EXTRACTED RECORDS:
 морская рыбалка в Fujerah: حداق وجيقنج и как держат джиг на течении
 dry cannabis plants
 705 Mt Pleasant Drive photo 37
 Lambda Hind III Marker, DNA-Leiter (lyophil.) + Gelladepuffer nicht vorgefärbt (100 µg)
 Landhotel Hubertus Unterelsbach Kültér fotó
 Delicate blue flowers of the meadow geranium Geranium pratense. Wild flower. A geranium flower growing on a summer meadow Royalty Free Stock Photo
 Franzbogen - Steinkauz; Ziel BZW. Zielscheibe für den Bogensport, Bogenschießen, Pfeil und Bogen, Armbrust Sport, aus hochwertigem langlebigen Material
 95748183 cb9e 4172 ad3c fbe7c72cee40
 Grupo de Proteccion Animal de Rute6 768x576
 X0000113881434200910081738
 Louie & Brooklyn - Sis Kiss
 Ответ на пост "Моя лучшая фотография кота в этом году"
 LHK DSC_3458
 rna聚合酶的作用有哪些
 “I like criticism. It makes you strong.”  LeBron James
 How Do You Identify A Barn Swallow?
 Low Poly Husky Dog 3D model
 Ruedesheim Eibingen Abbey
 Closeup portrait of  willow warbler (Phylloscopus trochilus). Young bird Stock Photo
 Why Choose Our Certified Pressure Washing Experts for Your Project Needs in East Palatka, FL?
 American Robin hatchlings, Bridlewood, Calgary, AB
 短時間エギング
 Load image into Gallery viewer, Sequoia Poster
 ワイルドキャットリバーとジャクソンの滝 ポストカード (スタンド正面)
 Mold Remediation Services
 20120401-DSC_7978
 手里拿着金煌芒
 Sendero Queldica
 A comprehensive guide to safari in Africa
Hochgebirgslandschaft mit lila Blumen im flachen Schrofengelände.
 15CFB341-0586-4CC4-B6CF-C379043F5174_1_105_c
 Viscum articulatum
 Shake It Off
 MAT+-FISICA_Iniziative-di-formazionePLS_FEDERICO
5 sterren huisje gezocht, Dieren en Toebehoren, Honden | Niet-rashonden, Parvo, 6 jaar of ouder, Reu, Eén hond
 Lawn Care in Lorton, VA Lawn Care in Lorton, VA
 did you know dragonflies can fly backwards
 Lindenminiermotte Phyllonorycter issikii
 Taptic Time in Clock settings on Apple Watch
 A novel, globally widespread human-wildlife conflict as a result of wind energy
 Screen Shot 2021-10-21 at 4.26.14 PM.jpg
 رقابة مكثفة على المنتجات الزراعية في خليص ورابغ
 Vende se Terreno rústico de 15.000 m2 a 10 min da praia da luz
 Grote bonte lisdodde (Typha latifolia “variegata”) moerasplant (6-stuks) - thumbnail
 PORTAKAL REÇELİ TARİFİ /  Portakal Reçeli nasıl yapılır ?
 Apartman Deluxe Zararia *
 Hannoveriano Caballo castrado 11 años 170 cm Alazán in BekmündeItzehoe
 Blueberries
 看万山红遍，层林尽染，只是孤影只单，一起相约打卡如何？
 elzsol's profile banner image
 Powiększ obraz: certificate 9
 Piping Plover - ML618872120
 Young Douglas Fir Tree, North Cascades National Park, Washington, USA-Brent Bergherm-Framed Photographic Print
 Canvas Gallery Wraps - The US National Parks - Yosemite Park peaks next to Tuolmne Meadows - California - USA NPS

INSTRUCTIONS TO FOLLOW:
Your answer should be the exact lines above from the one with "A comprehensive guide to safari in Africa" through the one with "MAT+-FISICA_Iniziative-di-formazionePLS_FEDERICO", both included, and nothing besides.

RESPONSE FOR THIS EXERCISE:
 A comprehensive guide to safari in Africa
Hochgebirgslandschaft mit lila Blumen im flachen Schrofengelände.
 15CFB341-0586-4CC4-B6CF-C379043F5174_1_105_c
 Viscum articulatum
 Shake It Off
 MAT+-FISICA_Iniziative-di-formazionePLS_FEDERICO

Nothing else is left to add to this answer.